String: VmSize:	   24856 kB
Symbol: VmSize:	  343324 kB

So it is a trade-off between memory and speed. It is very important for long running tasks to have control about what is stored in symbols. Consider this code snapshot for long running server:


#get option value
VALUE_TO_DB_MAP = { :external => 1, :internal => 2, :both => 3 }
def update params
  db_value = VALUE_TO_DB_MAP[params[:option1].to_sym]
end

And now consider what happens if attacker sends there non-friendly long string. He can easily cause DOS from one machine.
I welcome any questions or suggestions in your comments.

Both comments and pings are currently closed.
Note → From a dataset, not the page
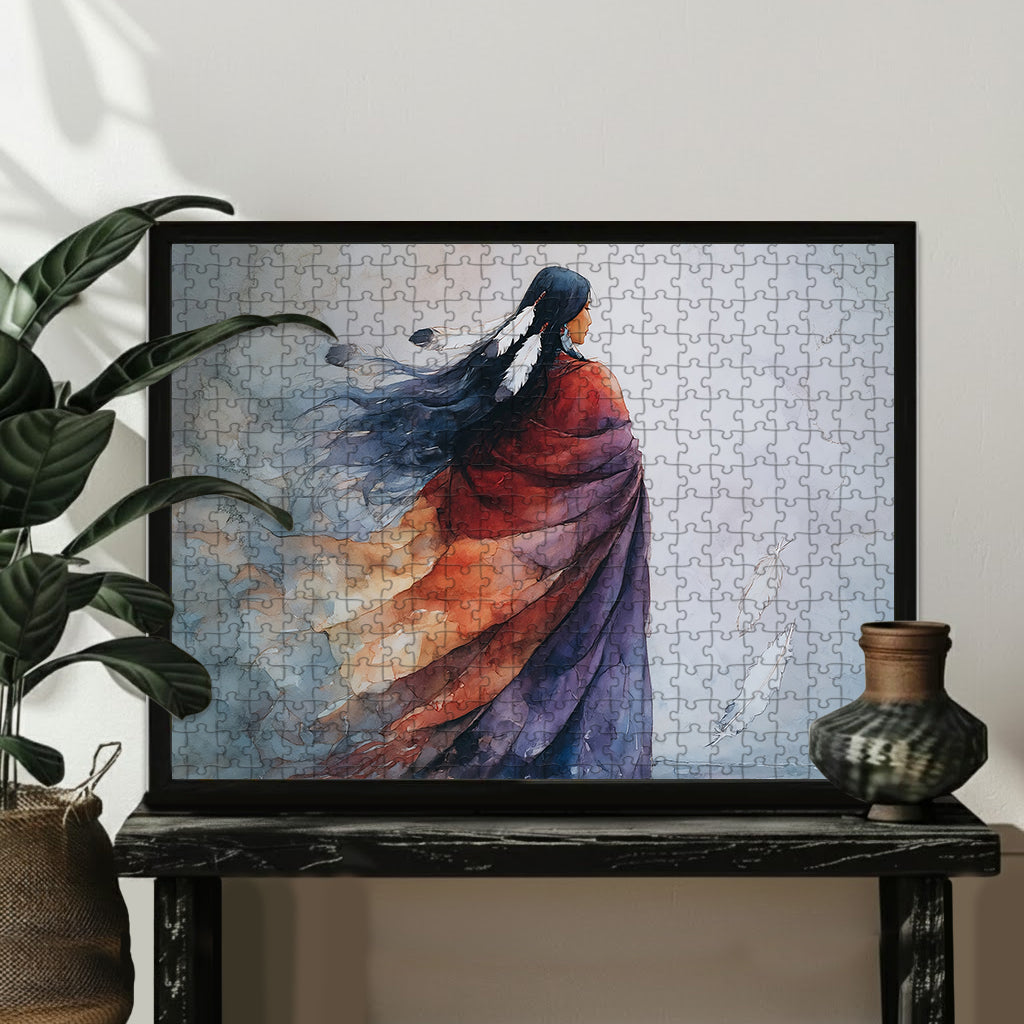 She Is Made of River and Stone – Wooden Jigsaw Puzzle (300 / 500 / 1000 Pieces)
2 Responses to “Ruby: Why to use symbols as Hash keys ( and why not )”

  1. Nikos

    Hey Josef, great post! Regarding your comment on DOS how will this be possible? Do you mean that this would happen because of a long symbol stored in memory? In that case are you sure garbage collection will not handle this between requests?

    • Anonymous

      Nikos: yes, it is stored in memory when first time occur. If you look at my code I run explicitly garbage collection (GC.start after each call of test). Only solution what how can server side prevent this is to run new ruby process for each request and then exit it ( of course I don’t mention correct solution to not translate unknown string to symbol ).